C’est un exemple étrange et bien peu propre à guérir de la croyance à la fatalité que celui de cet électeur, qualifié par l’histoire du nom de sage, qui bâtit une église dédiée à tous les saints, qui la remplit de leurs reliques, et qui, trois ans après, inaugure, sous le nom de réforme, la révolte contre les images et la destruction de tout culte extérieur !

III. — PREMIERS RAPPORTS ENTRE MÉLANCTHON ET LUTHER.

Au commencement, ce fut moins Luther qui parut un homme extraordinaire à Mélancthon que Mélancthon à Luther. Ce dernier semblait alors embarrassé de la hardiesse de ses propositions contre les indulgences, et il avait consenti à ne pas continuer la guerre, si les défenseurs des indulgences se taisaient. Sa situation était critique. Il savait l’empereur Maximilien d’accord avec le pape, et il avait sujet de craindre que son seul protecteur en Allemagne, l’électeur de Saxe, quoique déjà gagné à ses idées, ne fût pas assez déterminé pour le défendre contre les menaces impériales concertées avec les excommunications romaines. Ses inquiétudes étaient si vives, qu’il eut un moment la pensée de s’exiler pour ne pas éprouver jusqu’au bout la protection de l’électeur, ou pour ne pas la lui rendre périlleuse. Mélancthon ne le vit donc pas tout d’abord dans tout son éclat, et ce saisissement dont parle Bossuet ne fut pas soudain. Luther n’avait encore secoué ni ses vœux, ni le pape, et il n’était pas assuré de sa vie. Celui que Mélancthon devait appeler notre Achille, n’était encore qu’un moine un peu effrayé du bruit qu’il avait fait.

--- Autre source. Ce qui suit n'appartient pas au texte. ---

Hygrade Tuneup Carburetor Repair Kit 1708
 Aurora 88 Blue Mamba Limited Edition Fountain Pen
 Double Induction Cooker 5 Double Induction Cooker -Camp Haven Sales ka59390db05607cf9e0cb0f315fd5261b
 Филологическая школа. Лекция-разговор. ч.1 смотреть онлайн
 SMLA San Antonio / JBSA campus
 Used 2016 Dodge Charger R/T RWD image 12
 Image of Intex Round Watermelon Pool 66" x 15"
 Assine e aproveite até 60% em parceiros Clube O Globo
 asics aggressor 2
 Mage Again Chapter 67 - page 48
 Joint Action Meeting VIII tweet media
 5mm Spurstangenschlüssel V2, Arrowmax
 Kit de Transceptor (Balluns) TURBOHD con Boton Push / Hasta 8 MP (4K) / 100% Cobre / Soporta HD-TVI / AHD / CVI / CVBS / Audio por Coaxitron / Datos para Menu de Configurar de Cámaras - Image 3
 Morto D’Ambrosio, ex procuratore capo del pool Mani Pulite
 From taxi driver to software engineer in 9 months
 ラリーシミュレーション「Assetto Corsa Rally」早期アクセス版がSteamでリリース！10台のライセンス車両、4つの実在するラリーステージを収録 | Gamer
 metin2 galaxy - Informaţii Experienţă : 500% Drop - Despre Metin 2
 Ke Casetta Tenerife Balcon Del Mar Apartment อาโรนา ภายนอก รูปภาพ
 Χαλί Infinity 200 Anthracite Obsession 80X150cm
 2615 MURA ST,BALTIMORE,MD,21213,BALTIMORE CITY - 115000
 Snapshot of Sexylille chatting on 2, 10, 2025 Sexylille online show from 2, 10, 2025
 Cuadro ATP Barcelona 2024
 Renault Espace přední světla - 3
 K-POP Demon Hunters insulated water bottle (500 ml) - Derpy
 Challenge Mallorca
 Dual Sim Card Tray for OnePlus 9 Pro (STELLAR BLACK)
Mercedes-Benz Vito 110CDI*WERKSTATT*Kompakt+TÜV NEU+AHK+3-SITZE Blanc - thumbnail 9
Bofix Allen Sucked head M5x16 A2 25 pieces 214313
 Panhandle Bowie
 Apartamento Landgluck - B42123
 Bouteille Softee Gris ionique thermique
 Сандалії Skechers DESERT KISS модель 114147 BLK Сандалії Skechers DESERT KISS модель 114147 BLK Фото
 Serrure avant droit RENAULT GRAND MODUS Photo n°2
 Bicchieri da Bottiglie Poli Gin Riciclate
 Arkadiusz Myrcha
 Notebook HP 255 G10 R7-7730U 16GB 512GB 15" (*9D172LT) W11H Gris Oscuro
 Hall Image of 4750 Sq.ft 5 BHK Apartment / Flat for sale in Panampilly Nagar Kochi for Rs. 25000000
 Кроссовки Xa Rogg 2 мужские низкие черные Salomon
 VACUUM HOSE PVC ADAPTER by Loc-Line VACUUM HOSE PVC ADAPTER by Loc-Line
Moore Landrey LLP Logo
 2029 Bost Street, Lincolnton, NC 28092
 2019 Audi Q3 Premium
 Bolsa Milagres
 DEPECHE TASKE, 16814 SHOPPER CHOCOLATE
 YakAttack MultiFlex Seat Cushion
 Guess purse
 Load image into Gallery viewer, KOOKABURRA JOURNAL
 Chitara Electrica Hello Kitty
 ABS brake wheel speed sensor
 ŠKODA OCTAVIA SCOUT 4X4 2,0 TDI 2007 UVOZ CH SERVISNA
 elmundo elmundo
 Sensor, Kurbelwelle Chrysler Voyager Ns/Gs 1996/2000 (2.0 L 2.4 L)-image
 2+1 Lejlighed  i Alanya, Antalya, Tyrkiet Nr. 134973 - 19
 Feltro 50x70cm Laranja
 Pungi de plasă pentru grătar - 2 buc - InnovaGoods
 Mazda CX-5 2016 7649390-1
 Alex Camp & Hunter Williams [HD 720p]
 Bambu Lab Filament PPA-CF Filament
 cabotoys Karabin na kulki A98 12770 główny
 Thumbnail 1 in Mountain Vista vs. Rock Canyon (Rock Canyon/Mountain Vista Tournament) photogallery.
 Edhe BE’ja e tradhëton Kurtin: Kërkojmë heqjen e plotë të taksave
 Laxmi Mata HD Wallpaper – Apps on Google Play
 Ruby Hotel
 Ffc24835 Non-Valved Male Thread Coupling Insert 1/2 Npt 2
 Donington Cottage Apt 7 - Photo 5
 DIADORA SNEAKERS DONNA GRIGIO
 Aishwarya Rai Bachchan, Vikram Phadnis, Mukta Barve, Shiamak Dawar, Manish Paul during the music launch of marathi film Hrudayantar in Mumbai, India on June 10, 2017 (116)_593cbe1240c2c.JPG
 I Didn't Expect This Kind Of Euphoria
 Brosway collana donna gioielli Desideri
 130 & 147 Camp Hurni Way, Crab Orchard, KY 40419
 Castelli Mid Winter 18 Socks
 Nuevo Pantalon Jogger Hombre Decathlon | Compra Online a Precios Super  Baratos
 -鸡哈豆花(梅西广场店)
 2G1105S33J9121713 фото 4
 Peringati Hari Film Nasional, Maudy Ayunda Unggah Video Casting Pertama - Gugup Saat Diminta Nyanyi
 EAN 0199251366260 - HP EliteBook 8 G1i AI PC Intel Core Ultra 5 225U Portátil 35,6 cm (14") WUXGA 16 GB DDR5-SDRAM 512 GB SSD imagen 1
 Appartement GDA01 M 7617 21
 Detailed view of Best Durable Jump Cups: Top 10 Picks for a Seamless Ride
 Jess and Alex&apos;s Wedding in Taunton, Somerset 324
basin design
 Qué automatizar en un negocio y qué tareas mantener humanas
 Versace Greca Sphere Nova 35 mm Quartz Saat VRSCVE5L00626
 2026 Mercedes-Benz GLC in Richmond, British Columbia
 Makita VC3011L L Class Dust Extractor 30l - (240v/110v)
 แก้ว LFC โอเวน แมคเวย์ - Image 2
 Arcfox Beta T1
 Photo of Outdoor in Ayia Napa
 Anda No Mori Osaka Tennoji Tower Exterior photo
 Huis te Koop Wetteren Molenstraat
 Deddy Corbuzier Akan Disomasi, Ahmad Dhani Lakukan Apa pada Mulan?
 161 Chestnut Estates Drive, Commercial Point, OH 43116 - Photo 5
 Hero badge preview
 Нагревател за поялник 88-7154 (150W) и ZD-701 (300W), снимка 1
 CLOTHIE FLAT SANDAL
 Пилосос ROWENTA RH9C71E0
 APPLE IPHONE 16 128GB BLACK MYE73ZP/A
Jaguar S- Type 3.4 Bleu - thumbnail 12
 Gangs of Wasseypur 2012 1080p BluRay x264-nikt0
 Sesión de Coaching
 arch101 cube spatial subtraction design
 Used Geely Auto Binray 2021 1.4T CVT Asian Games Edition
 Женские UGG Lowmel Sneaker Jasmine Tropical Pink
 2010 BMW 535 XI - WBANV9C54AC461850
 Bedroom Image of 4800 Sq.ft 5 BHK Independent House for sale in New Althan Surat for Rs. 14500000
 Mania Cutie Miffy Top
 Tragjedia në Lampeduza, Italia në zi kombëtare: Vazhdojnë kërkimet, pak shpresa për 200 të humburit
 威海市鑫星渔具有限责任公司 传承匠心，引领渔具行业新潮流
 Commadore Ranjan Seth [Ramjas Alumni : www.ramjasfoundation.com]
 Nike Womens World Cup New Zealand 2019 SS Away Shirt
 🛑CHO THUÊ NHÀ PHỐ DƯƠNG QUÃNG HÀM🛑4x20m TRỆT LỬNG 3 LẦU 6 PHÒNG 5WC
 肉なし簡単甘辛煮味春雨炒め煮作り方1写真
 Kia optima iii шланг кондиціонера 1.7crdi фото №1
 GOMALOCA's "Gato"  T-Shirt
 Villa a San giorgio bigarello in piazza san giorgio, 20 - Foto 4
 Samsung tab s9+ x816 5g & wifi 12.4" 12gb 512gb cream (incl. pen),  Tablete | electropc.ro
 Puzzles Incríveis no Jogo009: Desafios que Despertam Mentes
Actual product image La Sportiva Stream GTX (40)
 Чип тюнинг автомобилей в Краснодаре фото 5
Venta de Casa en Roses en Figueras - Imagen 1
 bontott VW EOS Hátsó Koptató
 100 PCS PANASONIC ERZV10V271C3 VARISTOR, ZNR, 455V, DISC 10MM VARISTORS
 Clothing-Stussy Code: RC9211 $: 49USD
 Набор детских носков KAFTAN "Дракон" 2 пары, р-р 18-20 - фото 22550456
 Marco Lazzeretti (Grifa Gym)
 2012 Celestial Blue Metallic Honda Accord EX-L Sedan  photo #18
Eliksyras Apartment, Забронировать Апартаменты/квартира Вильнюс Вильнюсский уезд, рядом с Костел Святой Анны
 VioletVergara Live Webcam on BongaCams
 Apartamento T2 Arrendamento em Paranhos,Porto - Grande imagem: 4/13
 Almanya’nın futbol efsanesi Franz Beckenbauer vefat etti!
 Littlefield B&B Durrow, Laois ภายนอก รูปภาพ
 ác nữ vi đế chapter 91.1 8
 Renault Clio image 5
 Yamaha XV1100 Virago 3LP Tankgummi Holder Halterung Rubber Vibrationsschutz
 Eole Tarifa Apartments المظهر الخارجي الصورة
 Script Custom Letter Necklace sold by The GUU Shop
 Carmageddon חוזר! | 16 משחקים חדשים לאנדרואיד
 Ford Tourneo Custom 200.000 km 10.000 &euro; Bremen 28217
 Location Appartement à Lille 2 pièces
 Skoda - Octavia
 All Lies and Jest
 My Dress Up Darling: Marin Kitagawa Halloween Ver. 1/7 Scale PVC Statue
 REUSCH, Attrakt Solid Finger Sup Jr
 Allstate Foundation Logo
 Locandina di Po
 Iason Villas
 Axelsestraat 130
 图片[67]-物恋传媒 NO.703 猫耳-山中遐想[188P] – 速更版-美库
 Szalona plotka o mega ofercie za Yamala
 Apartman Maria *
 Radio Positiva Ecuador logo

Au contraire, Mélancthon arrivait à Wittemberg, désigné par Reuchlin, annoncé au monde savant par Érasme, appelé partout où il n’était pas, envié partout où il avait été. Érasme lui-même n’avait pas fait lire à l’Allemagne des pages plus naturelles et plus élégantes que les essais de cet enfant. Mélancthon avait toute l’ardeur des premières luttes et toute la confiance des premiers succès. Lui aussi avait entrepris une réforme, celle de l’enseignement, sans laquelle la réforme religieuse eût avorté, et il était précédé à Wittemberg par la réputation d’érudit et d’écrivain, beaucoup moins commune alors en Allemagne que celle de théologien.

Le saisissement fut donc du côté de Luther. Les documens ne per-

  1. Discours sur la fondation de l’académie de Wittemberg.